Работали мы через пень-колоду, а больше слушали речи и статьи из официозов. Никогда в жизни ни до, ни после я так усиленно не просвещался, как на торфяной почве. Дело в том, что командовал нами полковник интендантской службы Освальд Цоппен, личность необыкновенная.
Он сам поставил себе задачу, которую и выполнял неукоснительно: «Что бы ни делать, лишь бы ничего не делать». Это называлось «система три „нибудь“», то есть — как-нибудь протянуть сколько-нибудь до какого-нибудь конца. Разгадав эту его генеральную линию, мы все воодушевились необычайно.
Что касается потустороннего, за пределами торфяников, начальства, то оно было совершенно заворожено отчетами Цоппена о проделанной работе, в которой львиную долю занимало прослушивание речей и даже статей «Фелькишер беобахтер», которые читал сам Цоппен. Более того: Цоппен рассылал «произносителям» речей и авторам статей отчеты со стенограммой выступлений слушателей.
Никто до Цоппена еще до этого не додумался, и он положил начало новому методу «массового воздействия на контингент трудовых батальонов».
Что касается торфа, то он существовал сам по себе и нас не беспокоил. Мой напарник Пауль Каруцки, повар, вылетевший с работы в ресторане за, как он говорил, «неловкое выражение» по адресу гешефтслейтера, философски заметил, что если, как оказалось, торф «пролежал тысячи лет, пока не стал самим собой, то ничего не случится, если он пролежит еще тысячу лет и, может быть, станет еще чем-нибудь».
Он научил меня играть в «зеро» и готовить китайские блюда: почему-то нам выдавали только рис, эрзац-колбасу и искусственный мед. Никто не сетовал, разумно утверждая, что лучше рис тут, чем саго — в окопах.
Мы жили за спиной энергичного бездельника Цоппена, как в своем особом рейхе, и даже круглым дуракам стало ясно как дважды два, что Цоппен мечтает в конце концов сдать американцам торфяные богатства третьей империи в девственно нетронутом состоянии вместе с трудовым батальоном.
Все это было хорошо, но не для меня. Я мучился, не зная, как отсюда выбраться и кто мог бы мне в этом помочь.
И даже в самых дерзких мечтах не представлял себе того, что произошло в одно поистине прекрасное утро, когда первый заморозок подернул тонкой пленкой торфяные озерца, которые, впрочем, тут же прорвали ее и заиграли на солнце многоцветными пятнами, похожими на нефтяные.

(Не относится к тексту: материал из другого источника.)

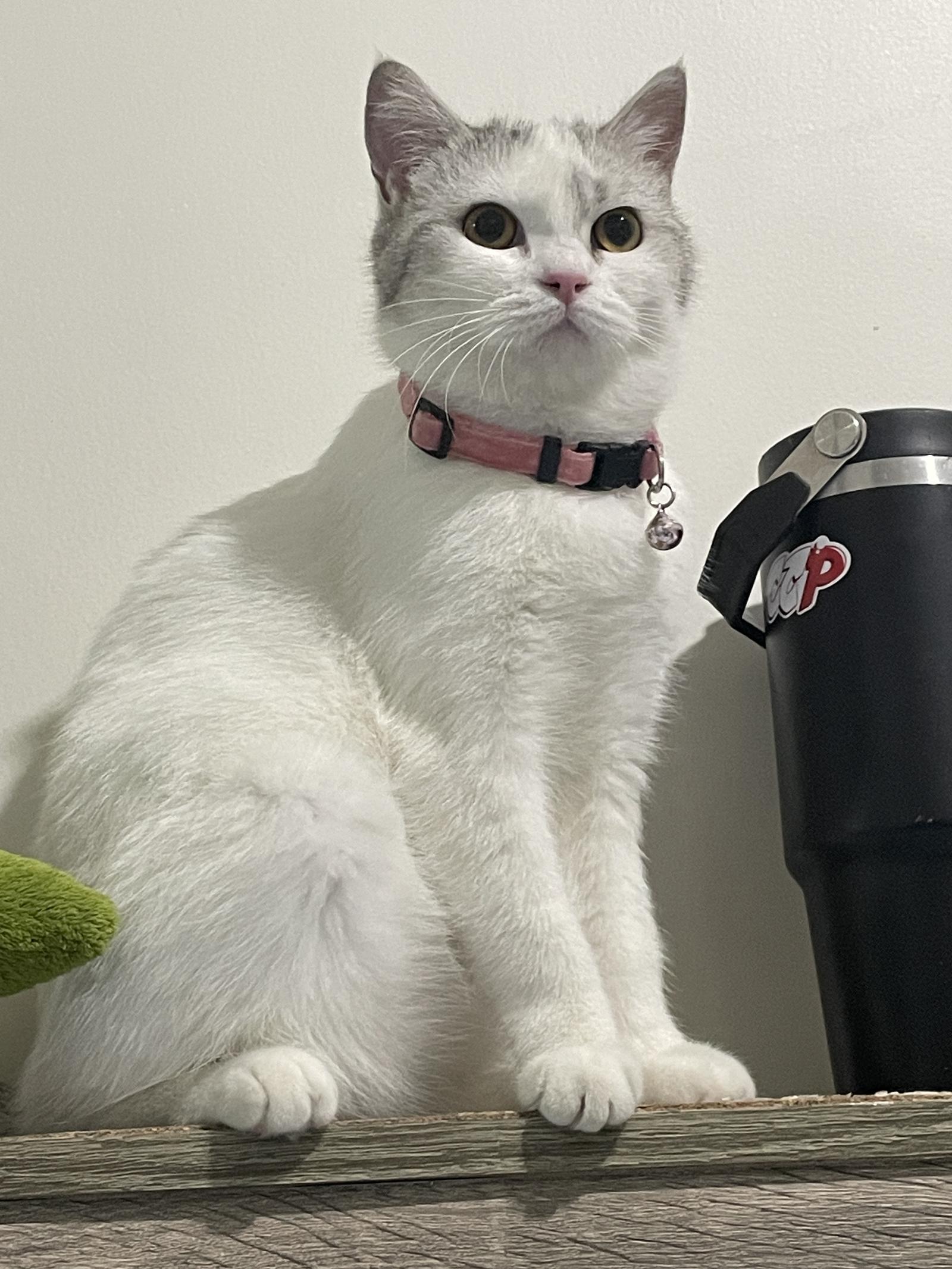 ร้าน ซีไนซ์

Как всегда, в это утро раздался бодрый голос местного радиоузла: «Все — на плац!» Для «физической зарядки». После чего прозвучала музыка из «Гибели богов» — посредством изрядно потрепанной пластинки.
За «гимнастикой тела» следовала «гимнастика ума», как говорил Цоппен.
Эту «гимнастику» Цоппен очень ловко разработал в форме схем и цитат, которые нами заучивались, как молитва. Особенно запоминались тезисы в виде уравнения по Геббельсу: «Первый год войны — мы победим! Второй год войны — мы будем побеждать! Третий год войны — мы должны победить! Четвертый год войны— мы не можем быть побеждены! А почему? Потому что у нас великий фюрер».